→ **Task item**
For this exercise, output exactly the lines from the opening line of the listing through the line with "Une terrasse sur", skipping pictures.

#### Dataset content

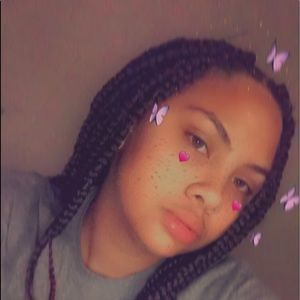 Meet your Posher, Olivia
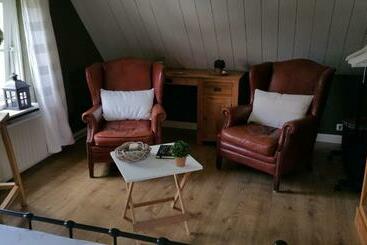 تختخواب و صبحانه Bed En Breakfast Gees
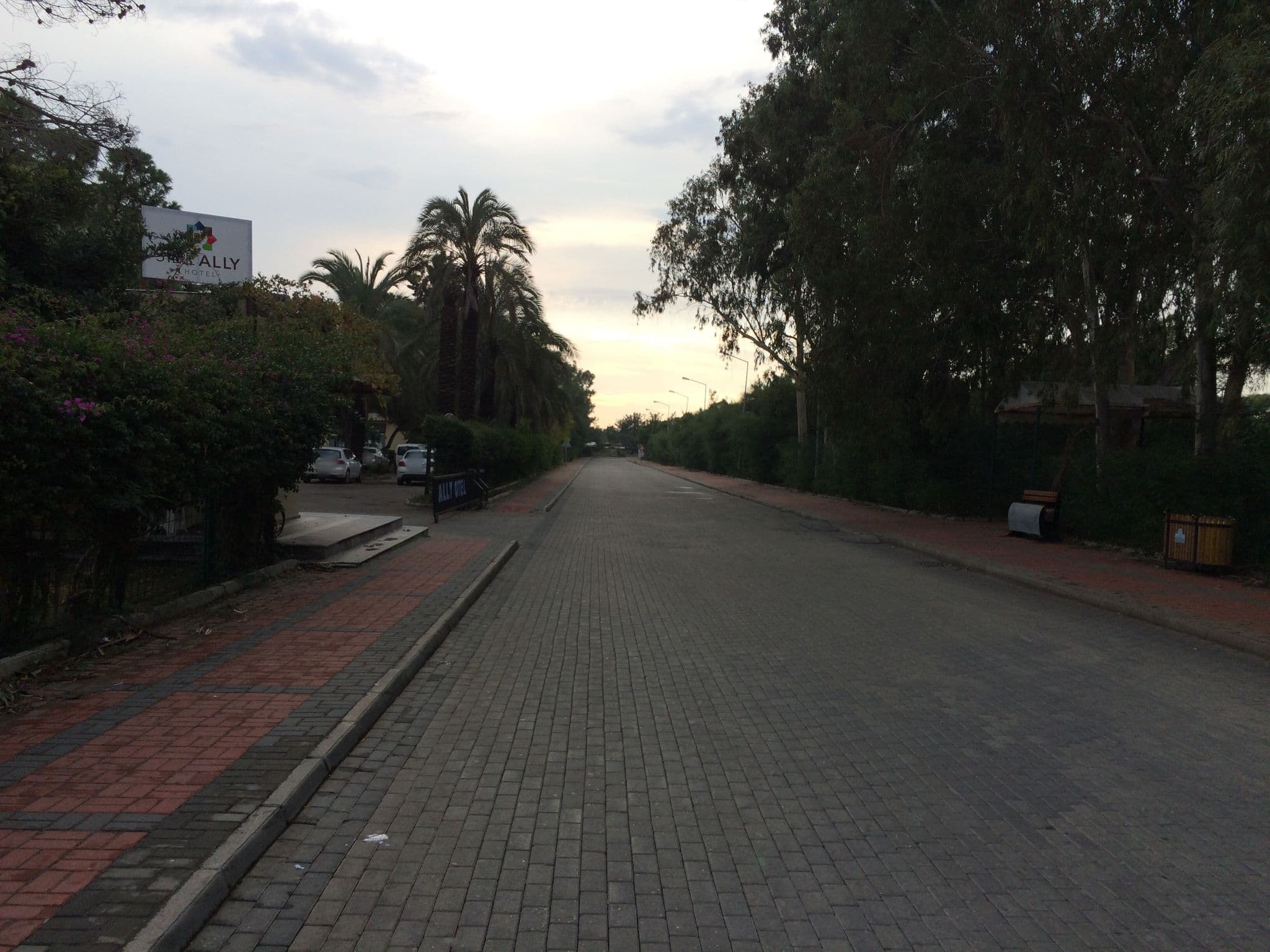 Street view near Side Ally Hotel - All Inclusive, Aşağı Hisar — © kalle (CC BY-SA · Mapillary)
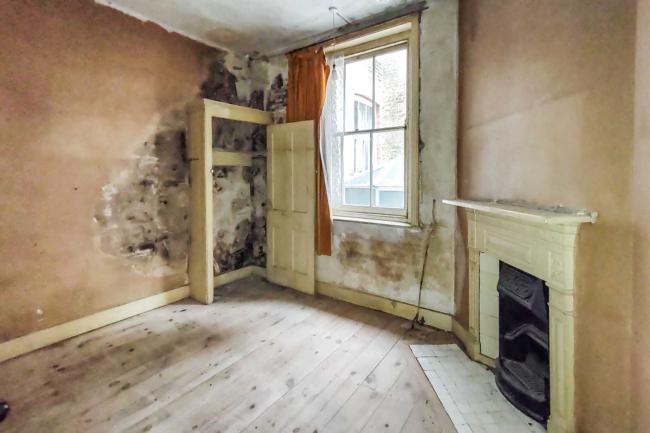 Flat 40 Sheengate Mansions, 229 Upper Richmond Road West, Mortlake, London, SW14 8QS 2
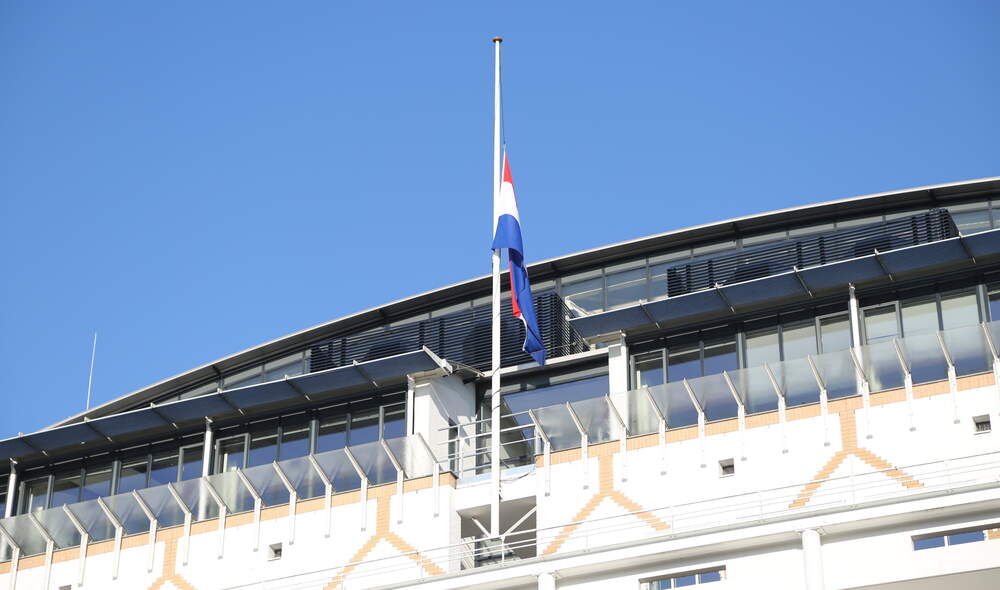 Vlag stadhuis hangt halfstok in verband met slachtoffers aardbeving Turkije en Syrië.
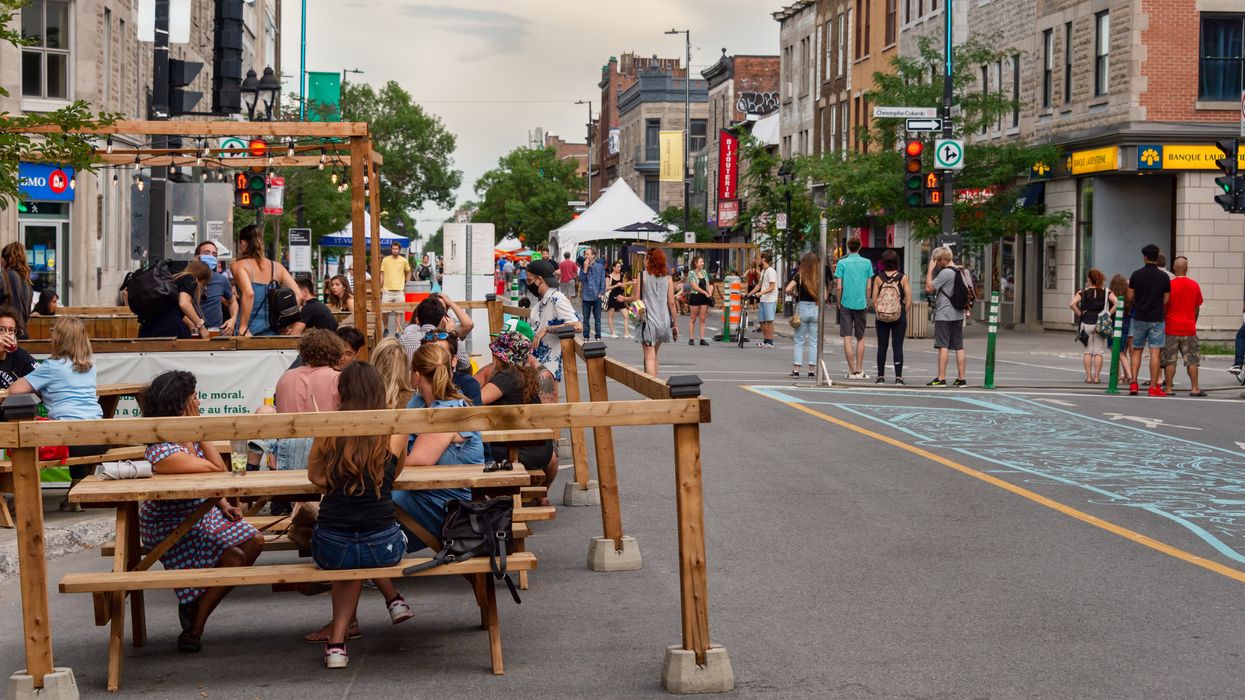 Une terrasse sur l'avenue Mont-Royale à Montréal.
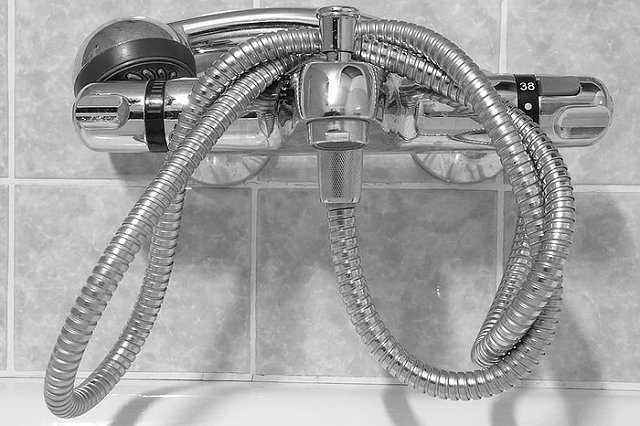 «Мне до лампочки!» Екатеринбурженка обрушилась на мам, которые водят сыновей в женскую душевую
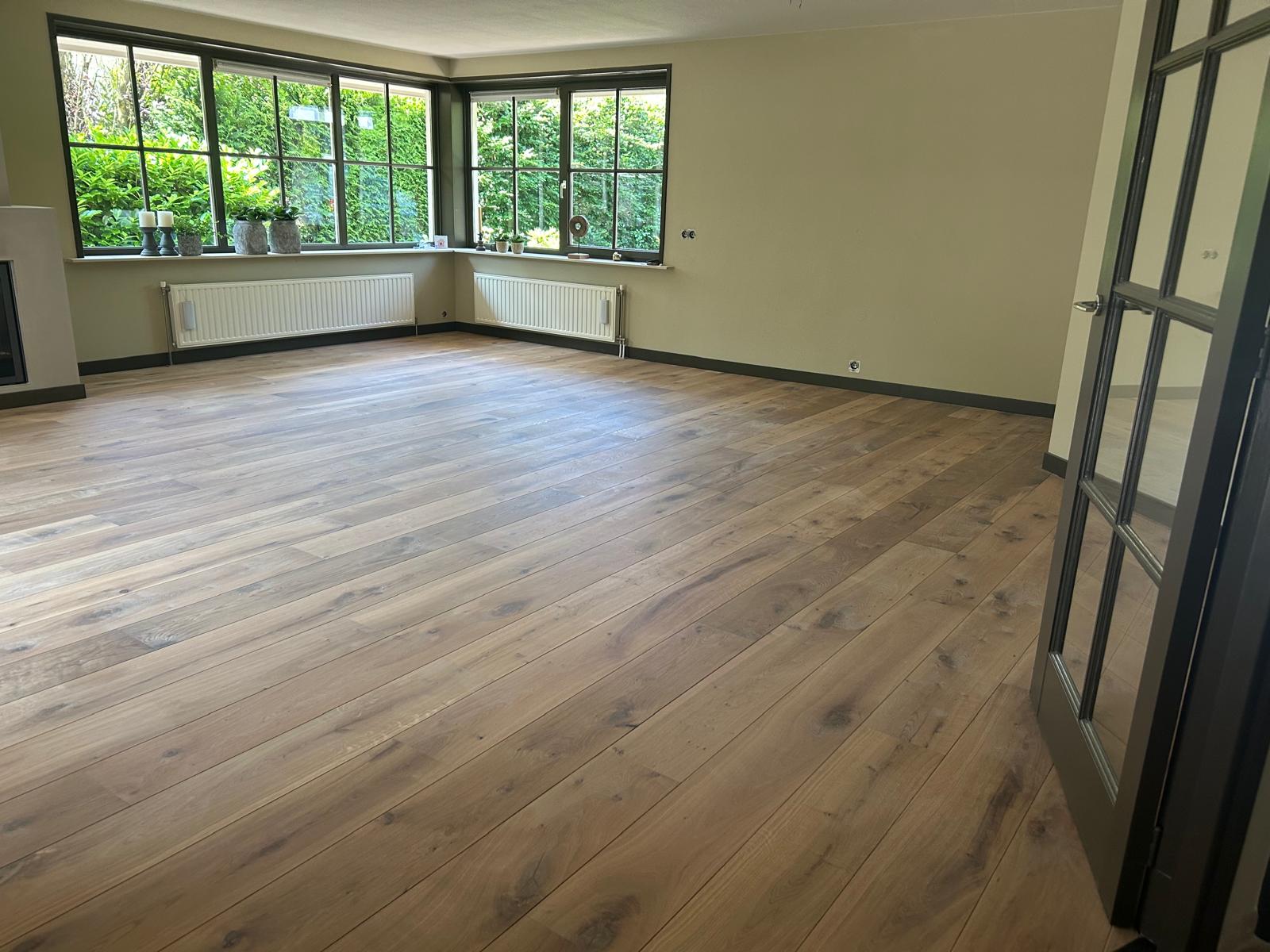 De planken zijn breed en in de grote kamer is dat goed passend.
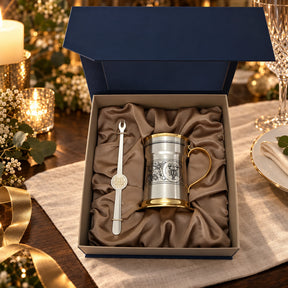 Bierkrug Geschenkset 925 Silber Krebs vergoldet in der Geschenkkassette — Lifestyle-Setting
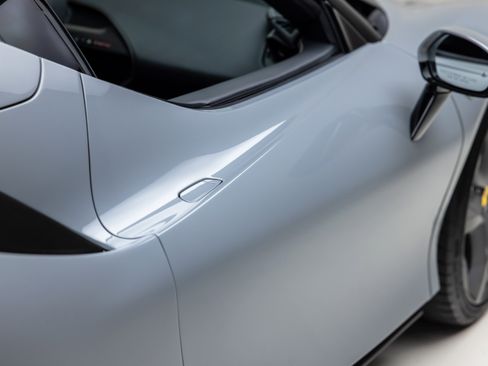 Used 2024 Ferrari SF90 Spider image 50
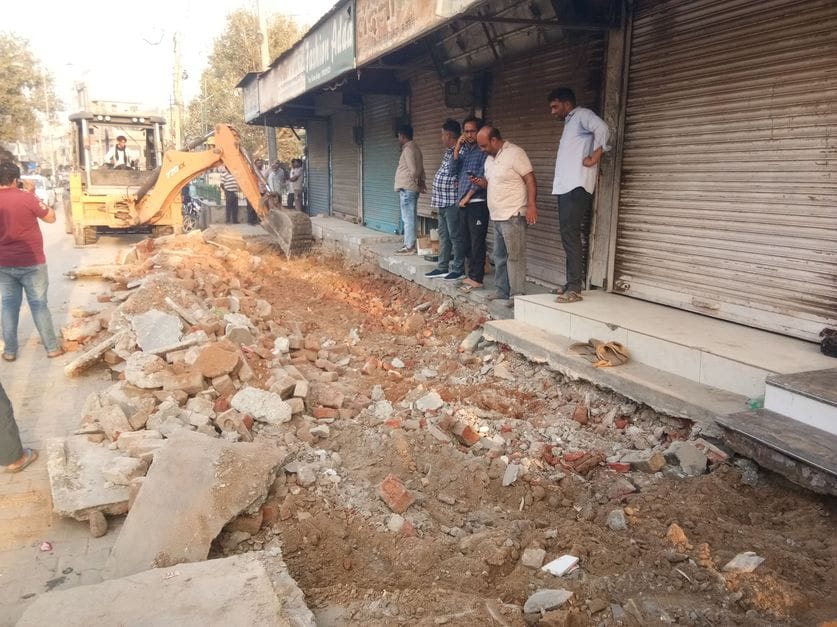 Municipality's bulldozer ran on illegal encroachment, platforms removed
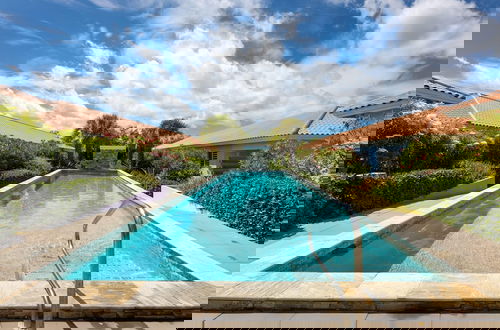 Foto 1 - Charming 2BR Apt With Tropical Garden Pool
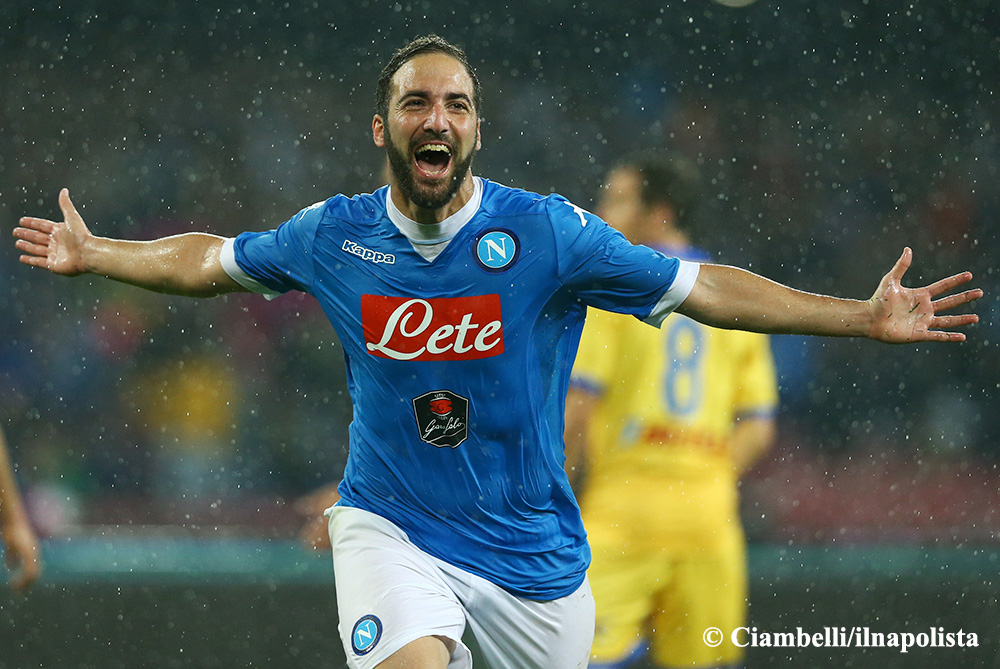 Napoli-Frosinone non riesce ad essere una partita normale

########

→ **Response**
 Meet your Posher, Olivia
 تختخواب و صبحانه Bed En Breakfast Gees
 Street view near Side Ally Hotel - All Inclusive, Aşağı Hisar — © kalle (CC BY-SA · Mapillary)
 Flat 40 Sheengate Mansions, 229 Upper Richmond Road West, Mortlake, London, SW14 8QS 2
 Vlag stadhuis hangt halfstok in verband met slachtoffers aardbeving Turkije en Syrië.
 Une terrasse sur l'avenue Mont-Royale à Montréal.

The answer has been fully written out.